"Here he comes," exclaimed one warder to the other at the sound of approaching footsteps. "Now for him," as they both pounced out of the hedge where they had been in hiding, and seized hold of the man.
"Look here, my good fellows," he cried. "I know who you be. You be them two runaways from Princetown, and I'll give you all I've got, clothes and all, if only you won't murder me. I've got a wife and childer to home. I'm sure now I don't a bit mind goin' home wi'out any of my clothes on to my body. My wife'll forgive that, under the sarcumstances; but to go back wi'out nother my clothes nor my body either—that would be more nor my missus could bear and forgive. I'd niver hear the end of it."
Formerly the manner in which escapes were made was by the convicts when peat-cutting building up a comrade in a peat-stack, but the warders are now too much on the alert for this to take place successfully.
Such buildings as have been erected at Princetown are ugly. The only structure that is not so is the "Plume of Feathers," erected by the French prisoners. Every other house is hideous, and most hideous of all are the rows of residences recently erected for the warders, for they are pretentious as well as ugly.
Yet Princetown may serve as a centre for excursions, if the visitor can endure the intermittent rushes of the trippers on their "cherry-bangs," and the persistent presence of the convict. If he objects to these, he can find accommodation a couple of miles off, at Two Bridges; but if he desire creature comforts he is sure of good entertainment at Princetown.
The group of remains at Merrivale Bridge is within an easy walk. These are the most famous on Dartmoor—not for their size or consequence, but because most accessible, being beside the road.
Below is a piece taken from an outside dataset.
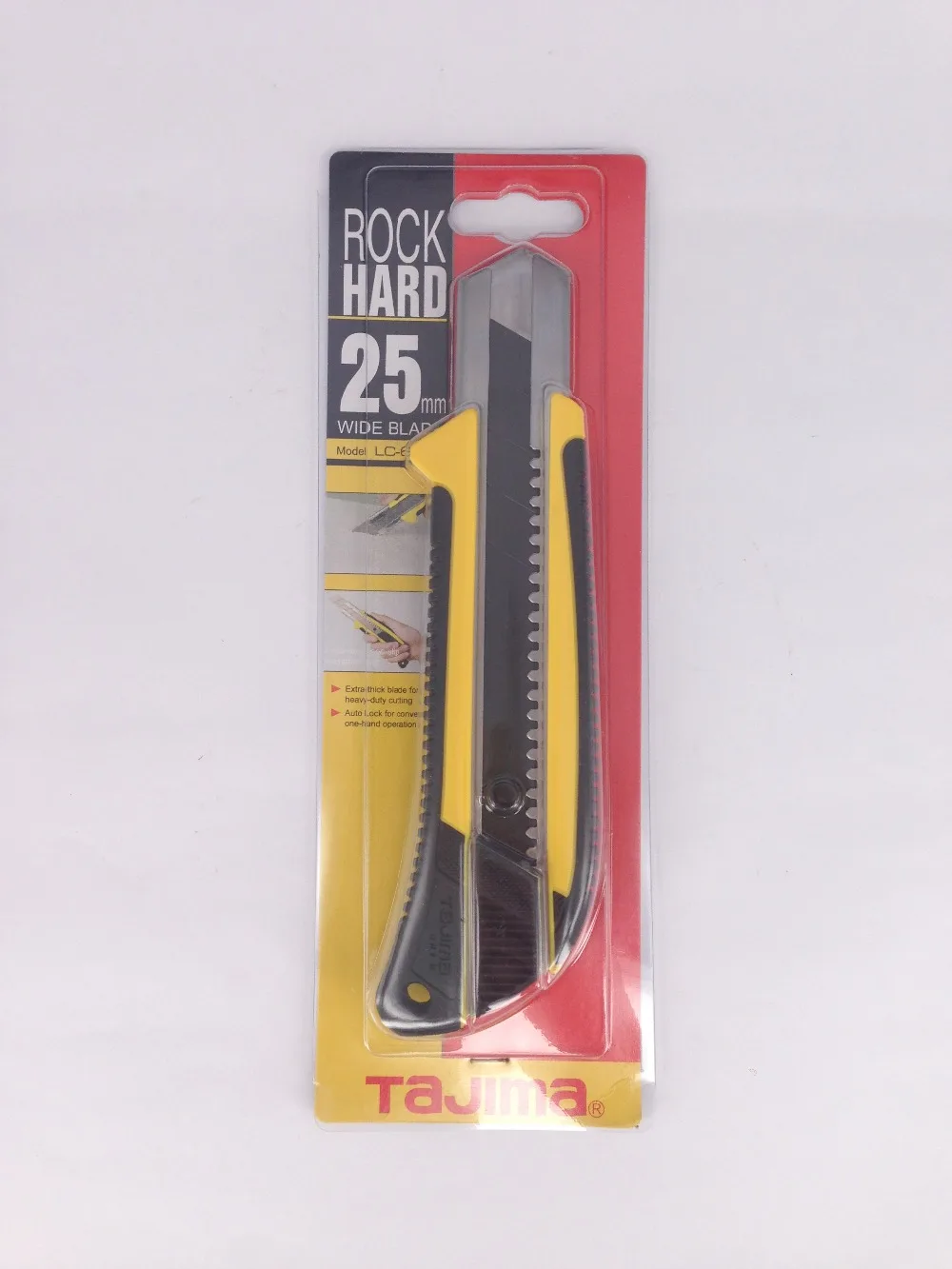 TAJIMA ROCK HARD НОЖ LC-660B HEAVY DUTY CUTTER BOX ИСКУССТВО | Инструменты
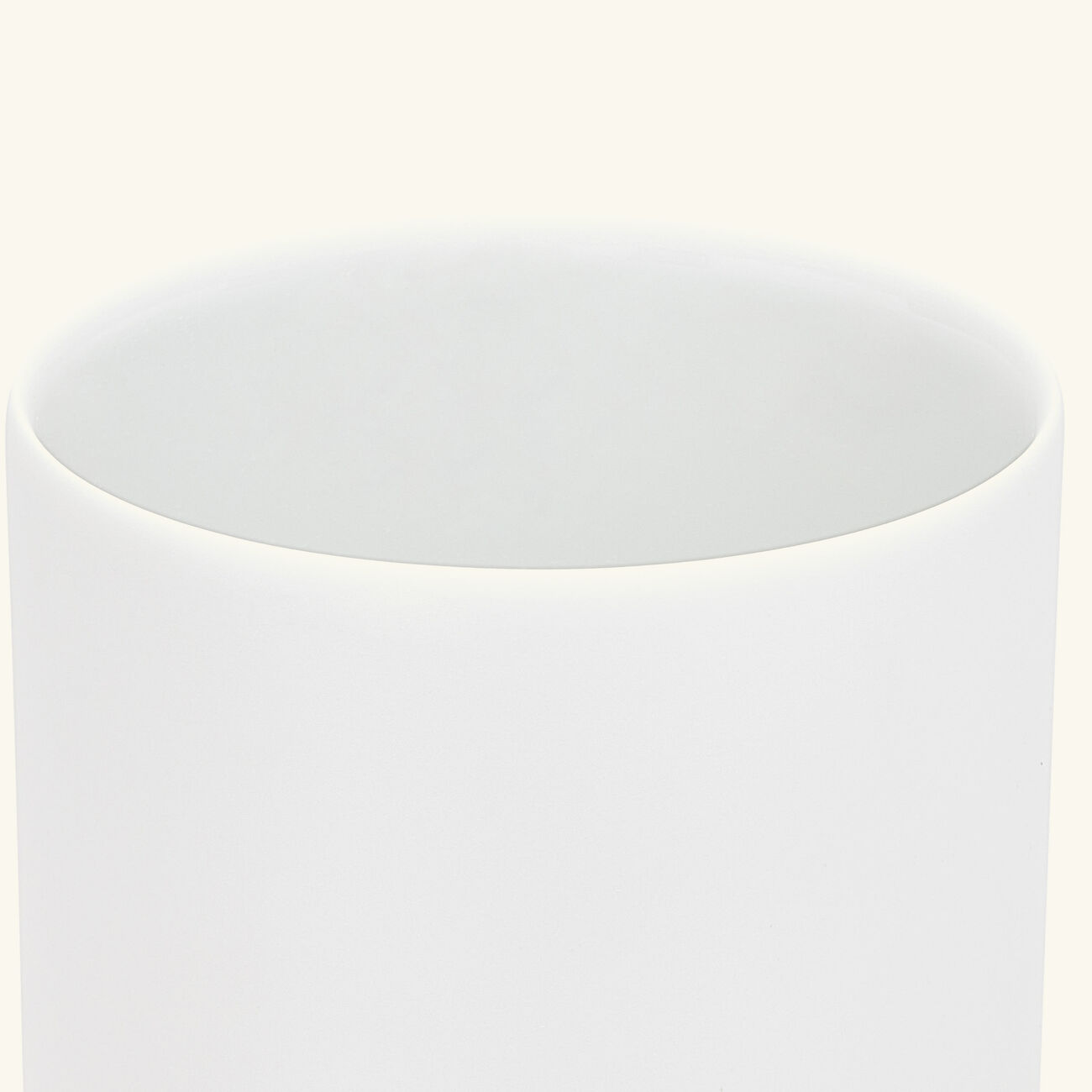 كريستوفل مزهرية بابيلون صغيرة بيضاء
But the whole collection is happily very complete.
There is a menhir, a so-called sacred circle, stone rows, a kistvaen, a pound, hut circles, and a cairn.
The menhir was the starting-point of a stone row that has been plundered for the construction of a wall. The sacred circle is composed of very small stones, and probably at one time inclosed a cairn. The stone rows that exist are fairly perfect. Those on the south, a double row, start from a cairn at the west end that has been almost destroyed, and end in blocking-stones to the east. They are, however, interrupted by a small cairn within a ring of stones, and, curiously enough, much as at Chagford, another row starts near it at a tangent from a partly destroyed cairn. The double row runs 849 feet.